Let’s reflect on some of the good times we shared. Why, when I was but a lad I distinctly remember the food court in my local mall. There, nestled between the Arby’s and the Orange Julius, a neon passage opened into a world where, for a brief few moments, young gamers could immerse themselves in any number of fantastic realms. After hastily scarfing down my fast food lunch I would beg my parents for quarters so that I might enter that wonderful door and join my peers in gaming bliss. I remember the resigned look on my mother’s face as she fished out coins from her purse and put them into my eager hands. It was a look of bemused confusion; she was happy to see me eager and excited about my hobby, but bewildered as to why I sought so desperately to spend time in the digital cacophony of those electronic coliseums.

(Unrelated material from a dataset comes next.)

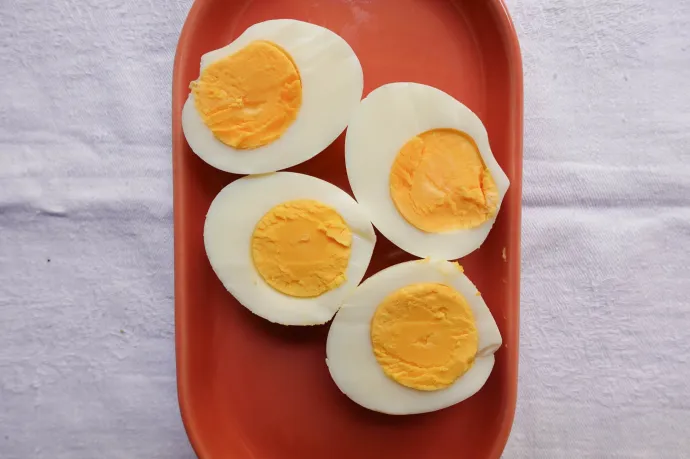 A hideg vízzel indított módszerrel egyenletes, klasszikus főtt tojásokat kapunk – Fotó: Ács Bori / Telex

My fare in hand, I would dash away, through the gate and into the heart of what was then the pinnacle of gamerdom. Flush with cash, my choices were varied: I could be a knight in King Arthur’s court, a combatant in an inter-dimensional fighting tournament, a star ship pilot, anything. The siren call of the toys behind the glass of the ticket exchange counter often tempted me toward less traditional gaming fare such as ski-ball or whack-a-gator, but my true calling was the shooters. Lethal Enforcer, Jurassic Park, Time Crisis, Area 51, Revolution X, and of course House of the Dead, I ruled them all. No matter what the scenario the game presented I always pretended I was a steely eyed Clint Eastwood.
In addition to the games, the arcade was home to some interesting characters: the surly ex-con janitor, Mr. Untouchable at the Mortal Kombat controls, the hyper kid who gave lots of uninvited advice, and so many more. The person that really stands out in my memory is the manager/childbouncer. This curmudgeonly individual had actually found himself a career where he could boss kids around for most of the day. When your supply of quarters was exhausted it didn’t take long before his gaze started to follow you around the room. This was especially true if you did what I used to do and went searching through the coin return slots in the various machines in hopes of finding one more quarter.

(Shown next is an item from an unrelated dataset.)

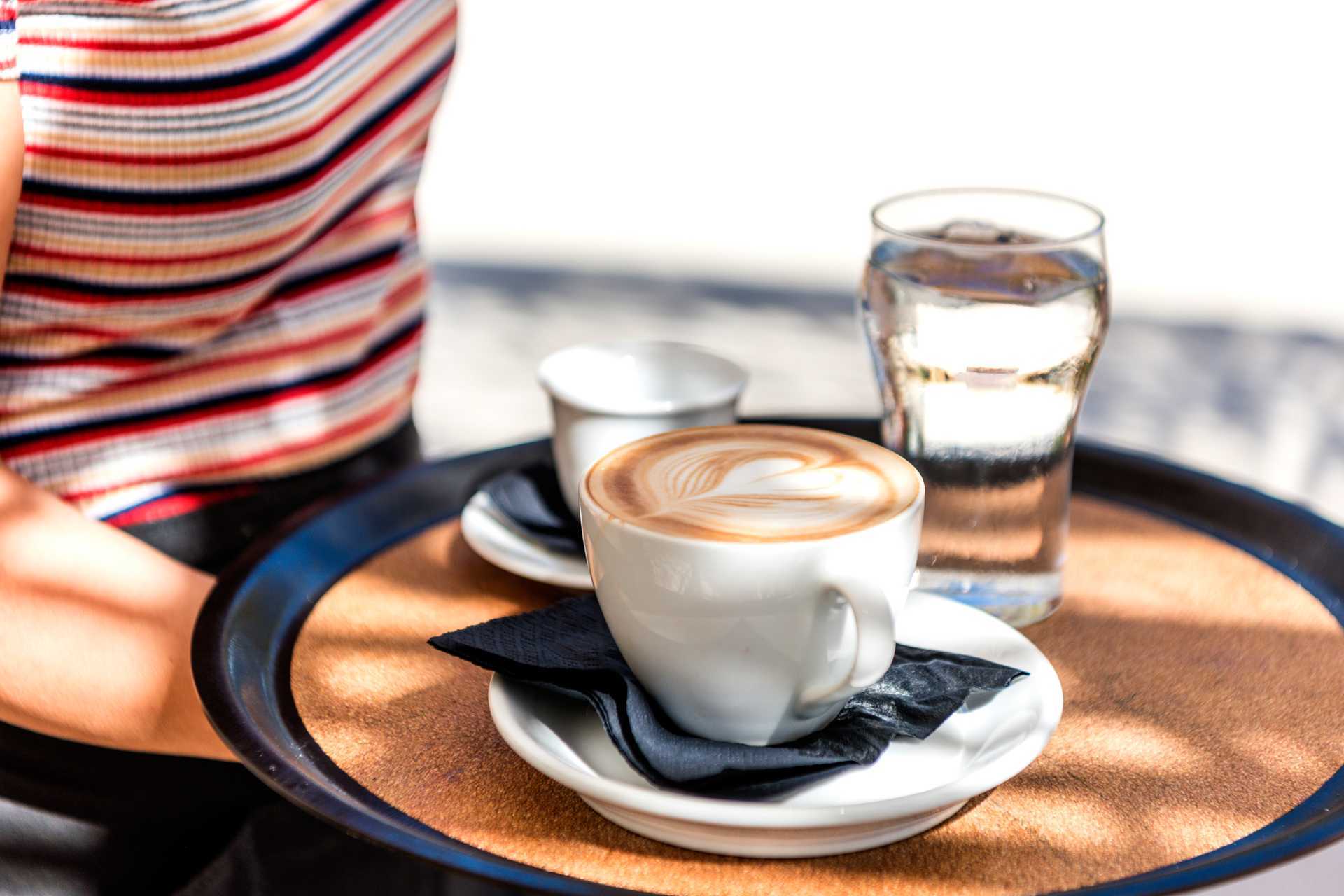 Nyd en dejlig kaffe på din ferie på Zakynthos.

What was it about the arcade experience that dragged me in there time and time again? Was it the access to better graphics and game play? Was it simply the over-stimulation of neon signs, Technicolor carpeting, and blaring sound effects? It’s probably some combination of all of those things, but as I look back on those experiences I like to think that it all meant something more. While video games were created in the early 70’s it wasn’t until we, the children of the eighties, began to take an interest that they really took off. The arcades were the birthplace of video gaming; without the profits generated by those brick and mortar coin receptacles modern gaming would not exist in the form we know it today. I like to think that even though I was too young to understand why, I went to the arcades because they represented something that belonged to me, to us, to our generation.

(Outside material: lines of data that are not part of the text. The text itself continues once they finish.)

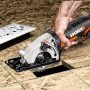 La sega circolare a batteria Worx WX527.9 in uso, taglia un foro in una tavola di legno.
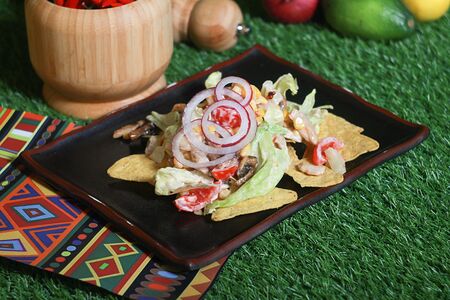 Мексиканский салат с ананасами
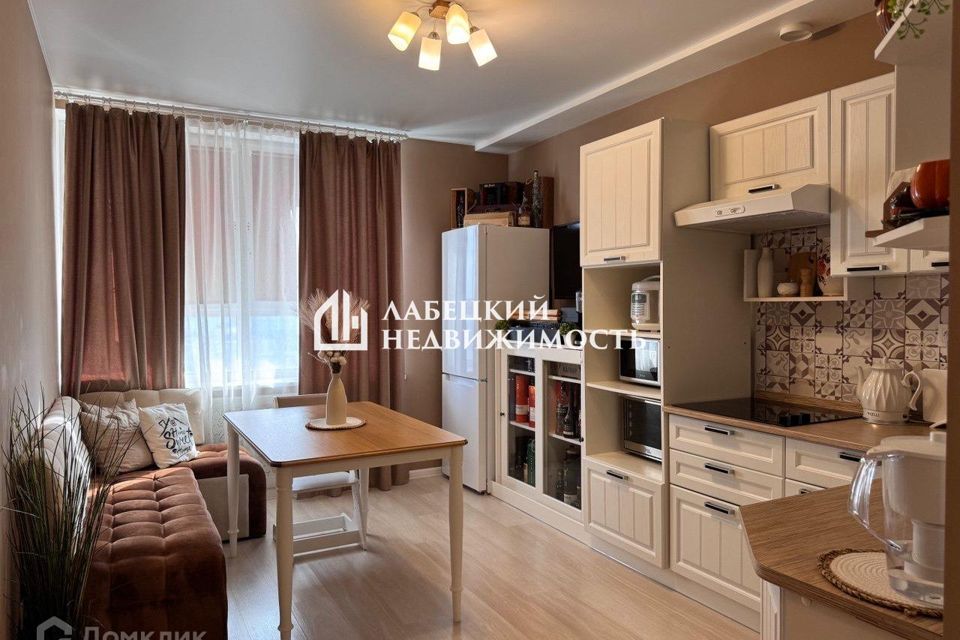 Продаётся 1-комнатная квартира, 38.4 м²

But all things must pass. The screen doors have rolled down for the last time at many arcades in the United States. The pin ball machines are in disrepair, the whack-a-gators gather dust, and the screens are silent. Gaming has moved on, out of the food courts and strip malls and into our homes. As each new generation of console brings a greater palate of sights and sounds to our living rooms, names like Neo-Geo and Midway fade from memory. It was a natural progression, but it still feels strangely sad to see arcades slip away. While they may have been designed to overwhelm our senses and drain us of our hard-won pocket change, I for one will always think back on them fondly, as shining doors to an exciting new world.